About this exercise |
Each line, starting at the one with "St Johns tide" and running to the end of the data below, is to be set down again exactly, both ends included; leave pictures out.

Top of Provided entries

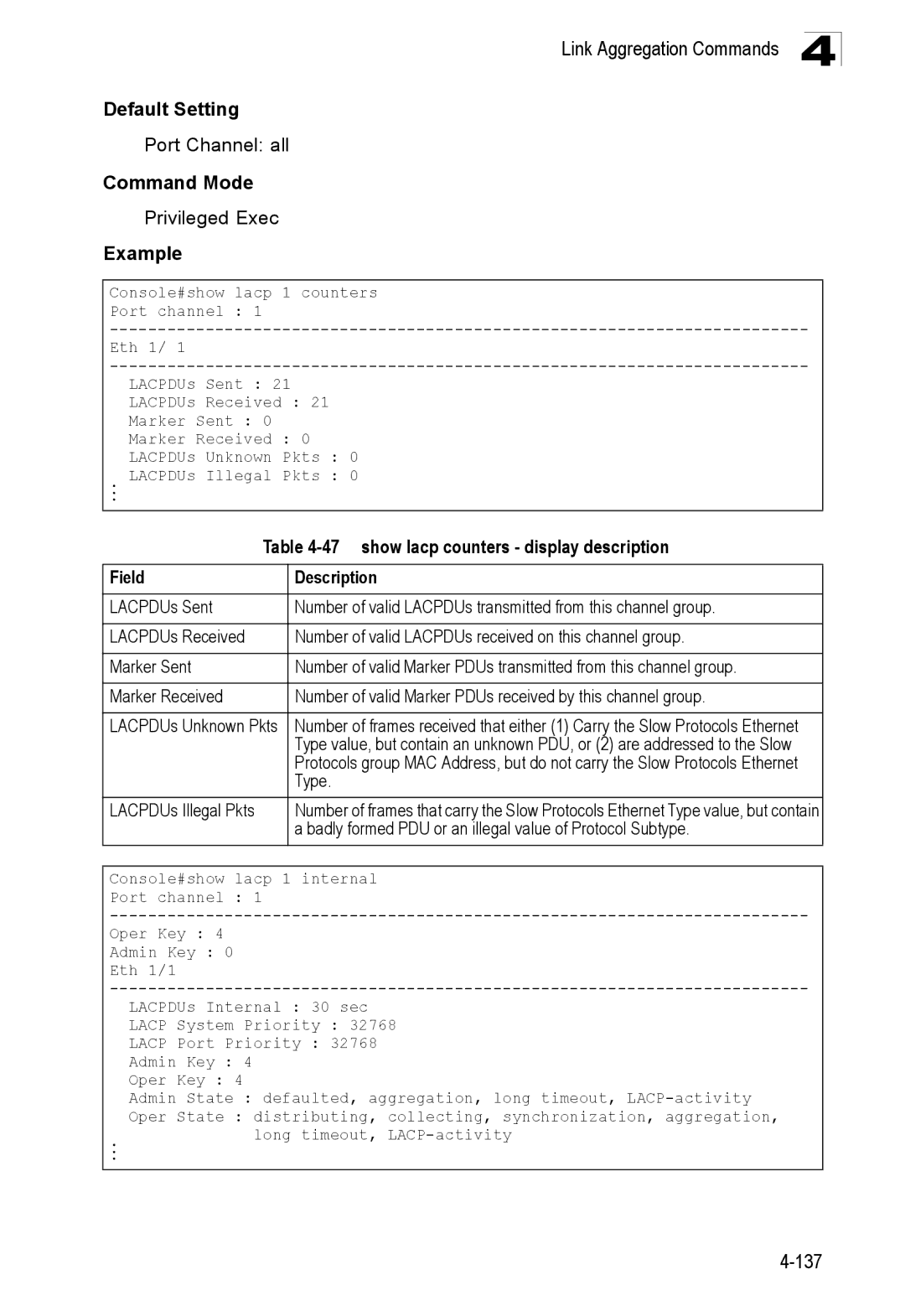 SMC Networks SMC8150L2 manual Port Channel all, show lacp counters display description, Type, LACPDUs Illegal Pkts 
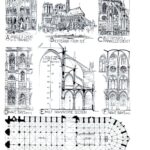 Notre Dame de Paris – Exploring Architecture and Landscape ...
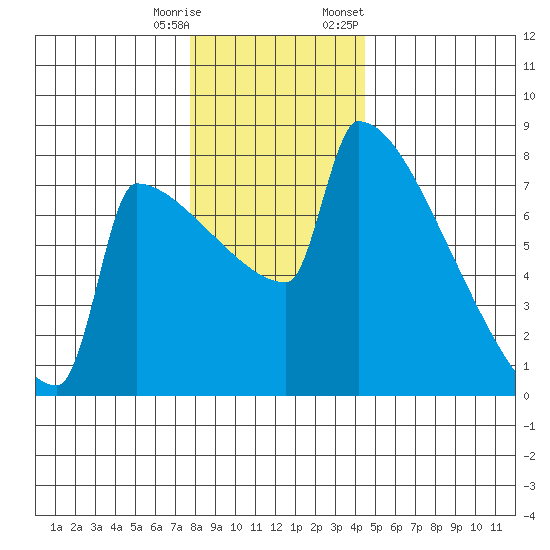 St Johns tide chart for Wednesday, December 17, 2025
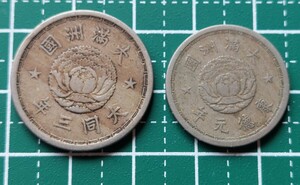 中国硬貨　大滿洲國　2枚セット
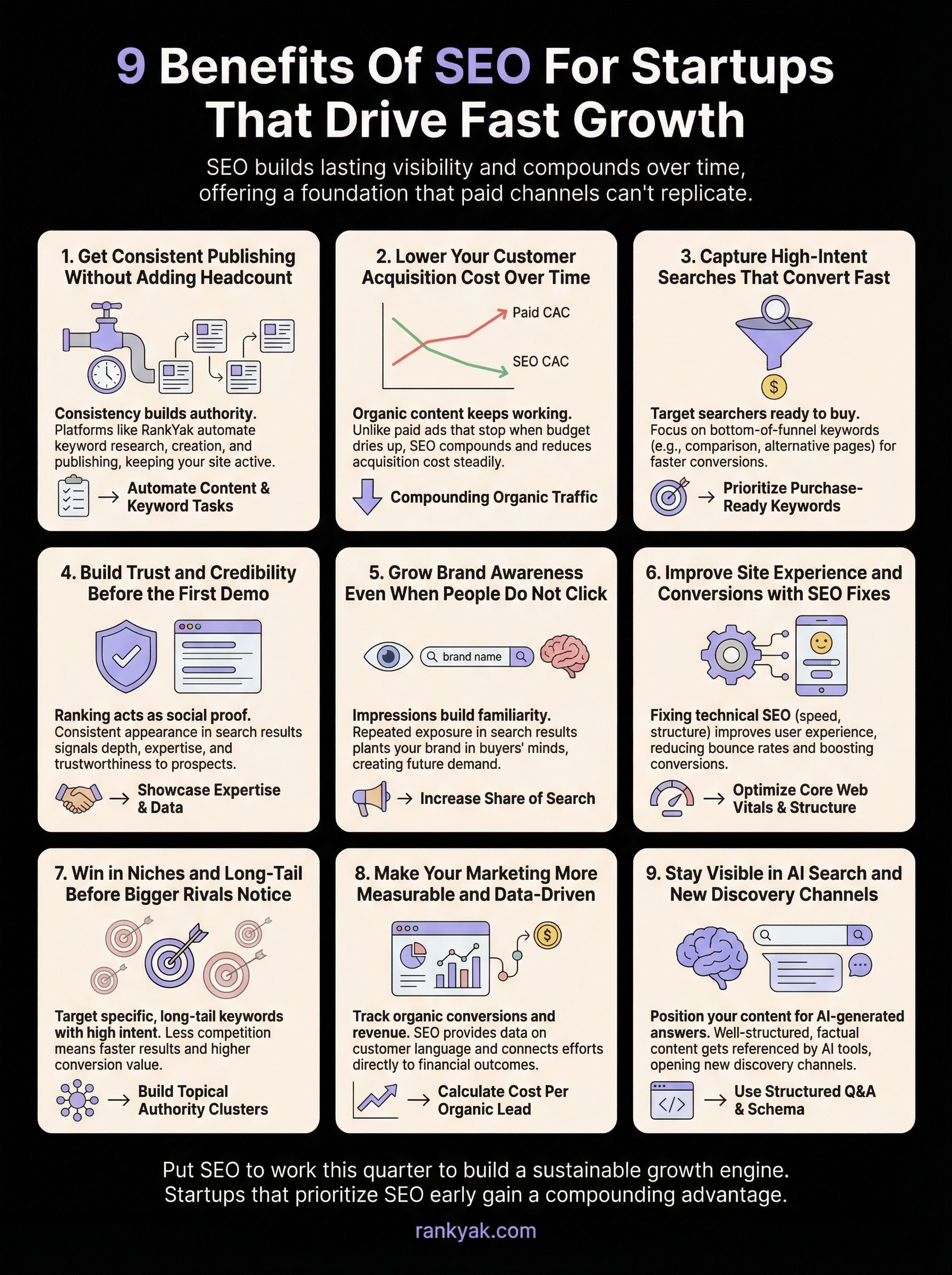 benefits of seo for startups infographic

Bottom of Provided entries

Final answer |
 St Johns tide chart for Wednesday, December 17, 2025
 中国硬貨　大滿洲國　2枚セット
 benefits of seo for startups infographic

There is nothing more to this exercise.